*TASK PROMPT*: The answer should be every line below, repeated exactly, with the images left out.

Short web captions
+++++

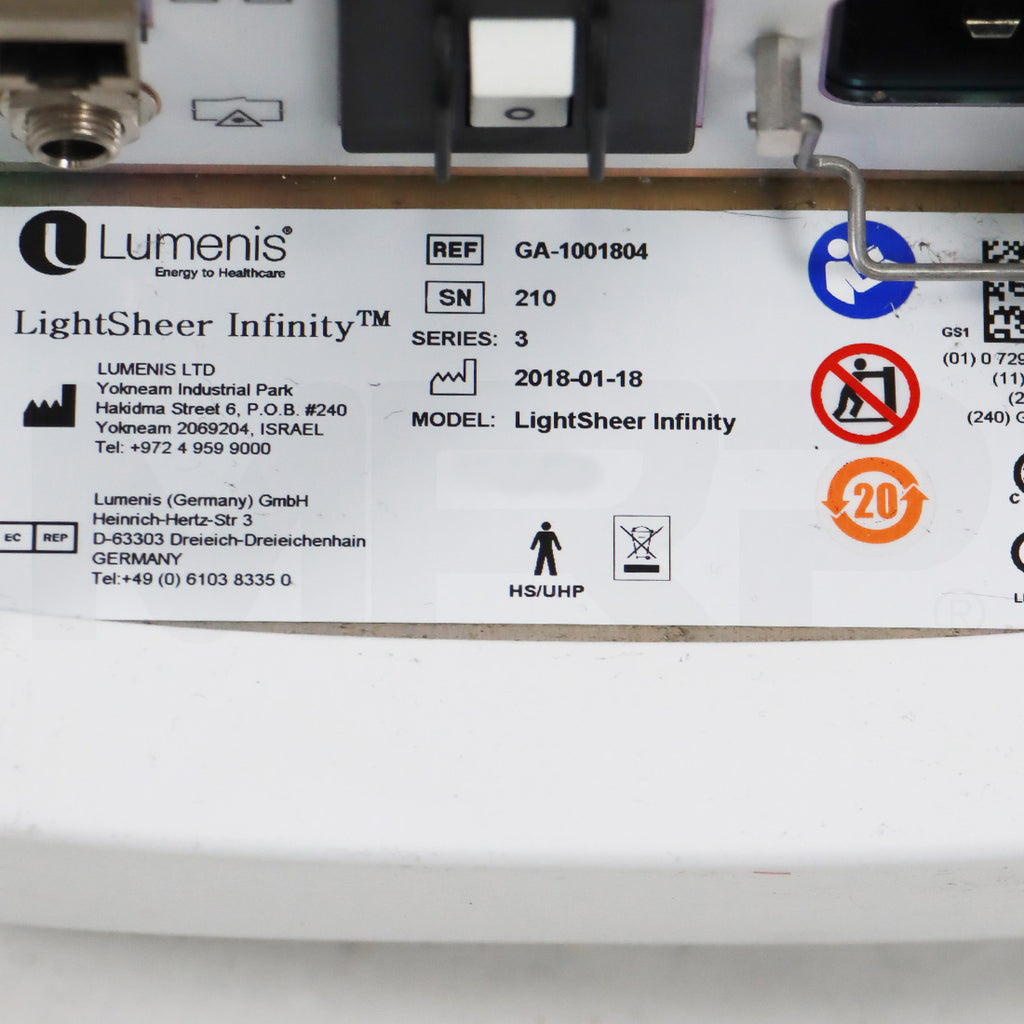 2018 Lumenis LightSheer Infinity 810nm Hair Removal Diode Laser HS 805/1060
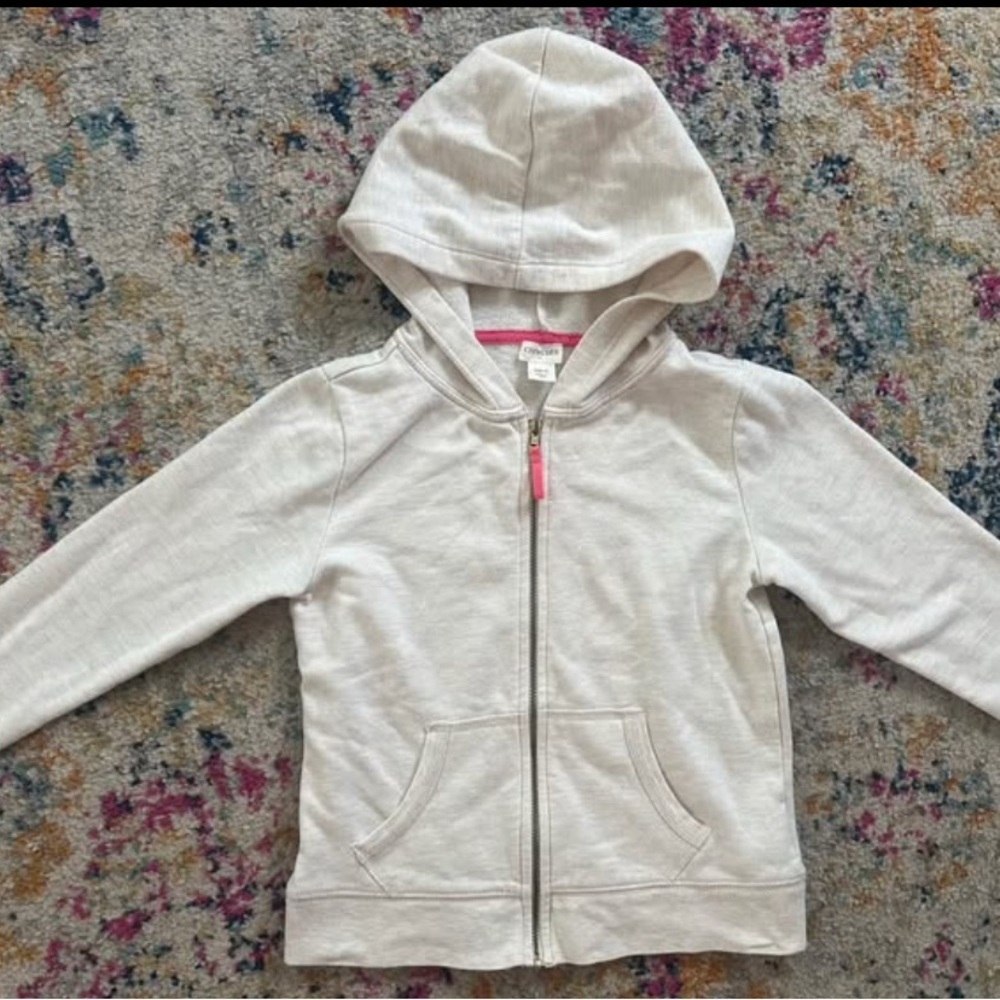 Crewcuts Oatmeal Zip-Up Hoodie for Kids. Size 6/7. Gender neutral. Like 🆕!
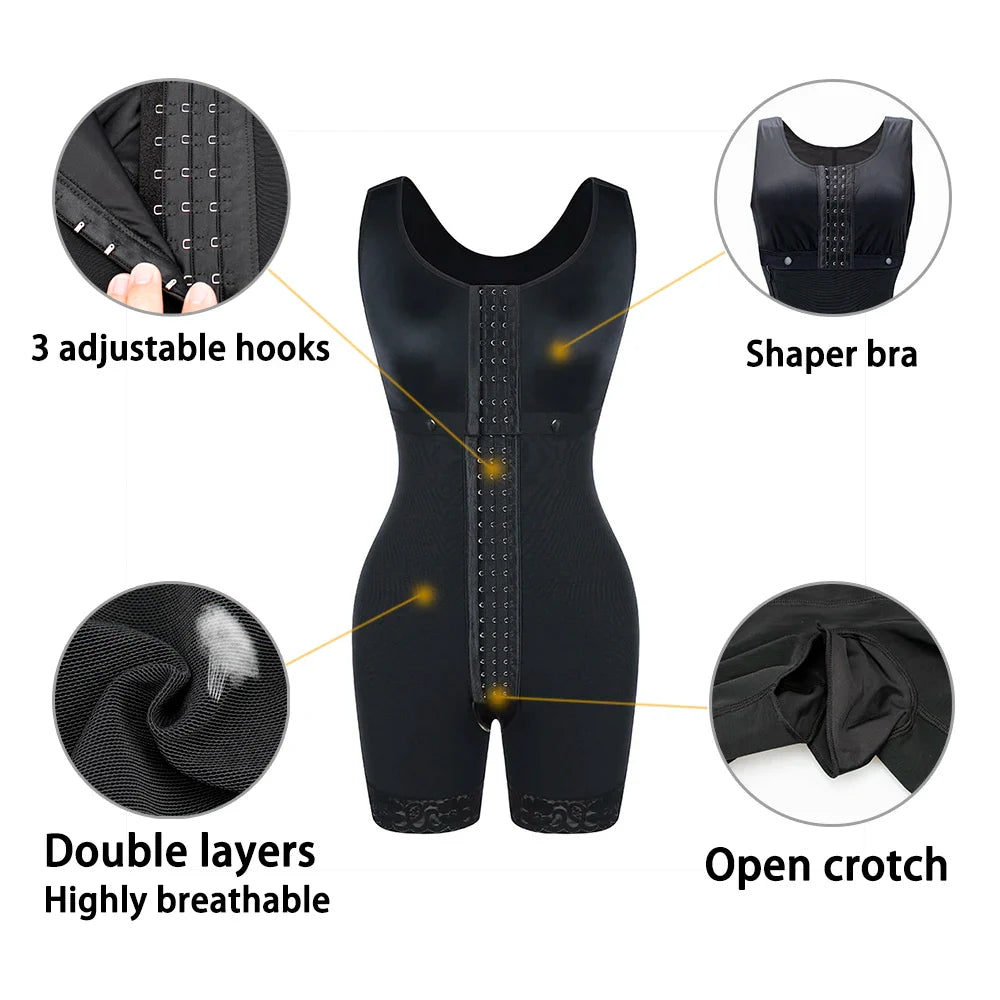 Ultimate Curve-Shaping Full Body Corset Bodysuit for Postpartum Support and Confidence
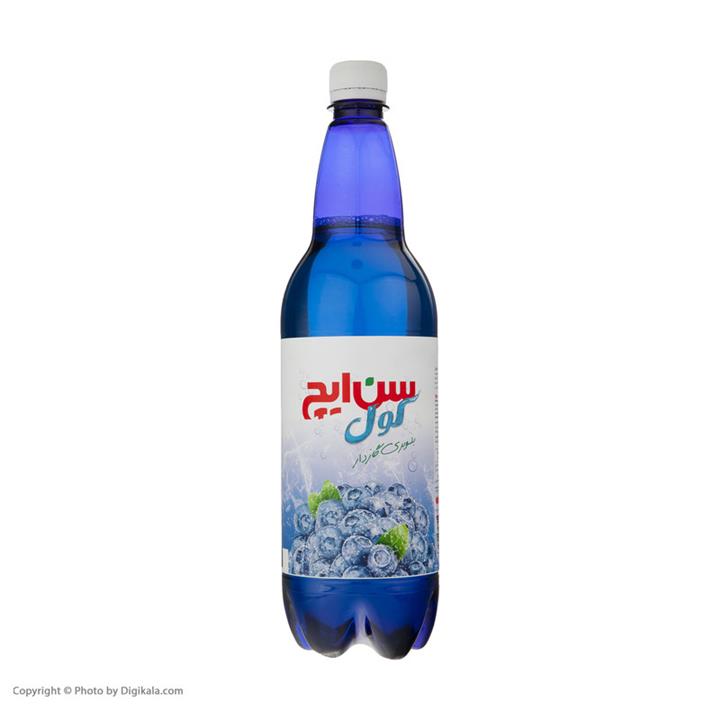 نوشیدنی گاز دار سن ایچ با طعم بلوبری - 1 لیتر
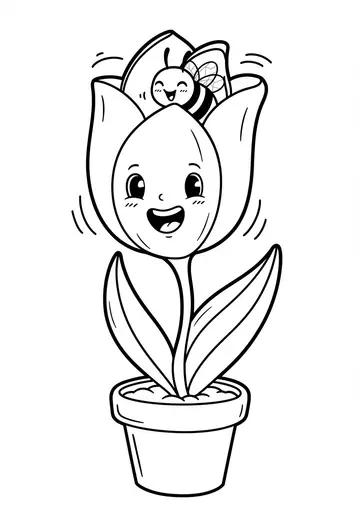 Timmy's Tickle Adventure Coloring Pages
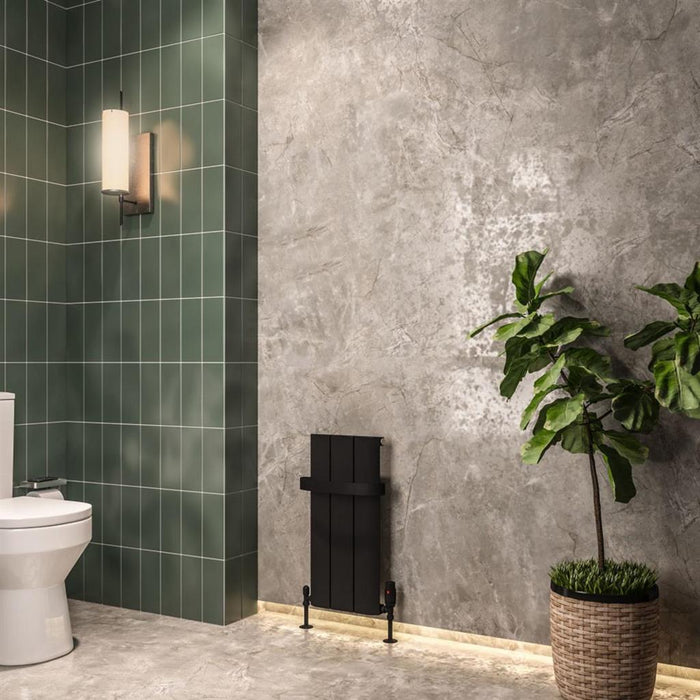 Eastbrook Peretti Aluminium Vertical Designer Radiator - Matt Black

+++++

*REPLY TO THE TASK*:
 2018 Lumenis LightSheer Infinity 810nm Hair Removal Diode Laser HS 805/1060
 Crewcuts Oatmeal Zip-Up Hoodie for Kids. Size 6/7. Gender neutral. Like 🆕!
 Ultimate Curve-Shaping Full Body Corset Bodysuit for Postpartum Support and Confidence
 نوشیدنی گاز دار سن ایچ با طعم بلوبری - 1 لیتر
 Timmy's Tickle Adventure Coloring Pages
 Eastbrook Peretti Aluminium Vertical Designer Radiator - Matt Black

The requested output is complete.